Ever wondered how your Linux system chooses the default Terminal Emulator, web browser, window manager, text editor, particular version of an app (eg, php5 vs 7/python2.7 vs 3)? Wonder no more!

Change the default app in /etc/alternatives

The folder /etc/alternatives contains all of the ‘alternative’ applications for a particular type of application. For example, my Terminal application of choice is terminator which is the default ‘alternative’, but what if I wanted to change it back to the original default of gnome-terminal?
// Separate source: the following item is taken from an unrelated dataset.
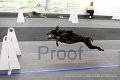 IMG_7821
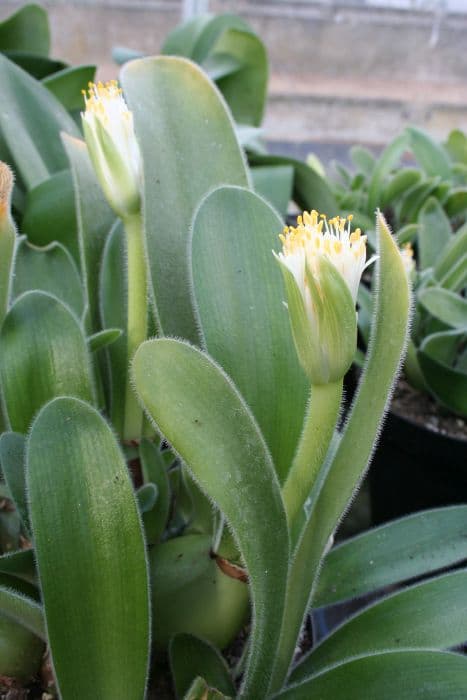 Few-leaved blood lily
The update-alternatives tool

Using the update-alternatives command at the Terminal can change any application default where another application exists for the same ‘class’ of application. For example, the Terminal application exists in the ‘x-terminal-emulator’ class. Your web browser exists in the ‘browser’ class, and so forth. To list the classes, simply do an ‘ls -l /etc/alternatives’, which will show you the list of all the classes, and their currently set alternative.
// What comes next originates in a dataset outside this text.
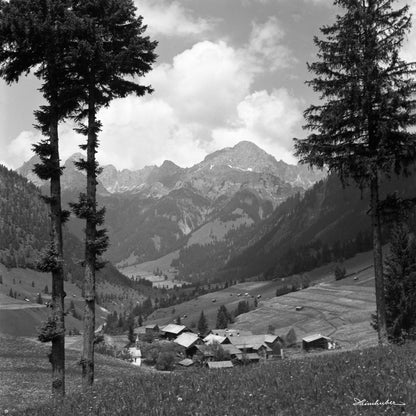 Weißenbach am Lech mit Tannen
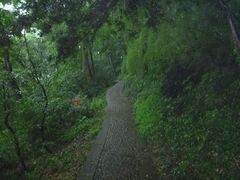 -上海佘山国家森林公园西佘山园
To use the update alternatives tool and change the default setting for the appropriate ‘class’, use the –config flag, as demonstrated below. This example shows how to set your default emulator (Terminal).  In this example, you can see how I option 0 has an asterisk beside it, denoting that it is the current default. Note that I selected the option 1 to change the default to gnome-terminal.

Example

/etc/alternatives$ sudo update-alternatives --config x-terminal-emulator
There are 9 choices for the alternative x-terminal-emulator (providing /usr/bin/x-terminal-emulator).


Selection Path Priority Status
------------------------------------------------------------
* 0 /usr/bin/terminator 50 auto mode
1 /usr/bin/gnome-terminal.wrapper 40 manual mode
2 /usr/bin/guake 40 manual mode
3 /usr/bin/koi8rxterm 20 manual mode
4 /usr/bin/lxterm 30 manual mode
5 /usr/bin/mate-terminal.wrapper 30 manual mode
6 /usr/bin/stterm 15 manual mode
7 /usr/bin/terminator 50 manual mode
8 /usr/bin/uxterm 20 manual mode
9 /usr/bin/xterm 20 manual mode


Press to keep the current choice[*], or type selection number: 1
update-alternatives: using /usr/bin/gnome-terminal.wrapper to provide /usr/bin/x-terminal-emulator (x-terminal-emulator) in manual mode

Further reading

For those eagle eyed out there, if you now do an ls -l /etc/alternatives/x-terminal-emulator, you’ll see that the symbolic link has been changed to go to /usr/bin/gnome-terminal.wrapper. This means you could have simply made a symbolic link to make this change, but the tool makes the process even easier.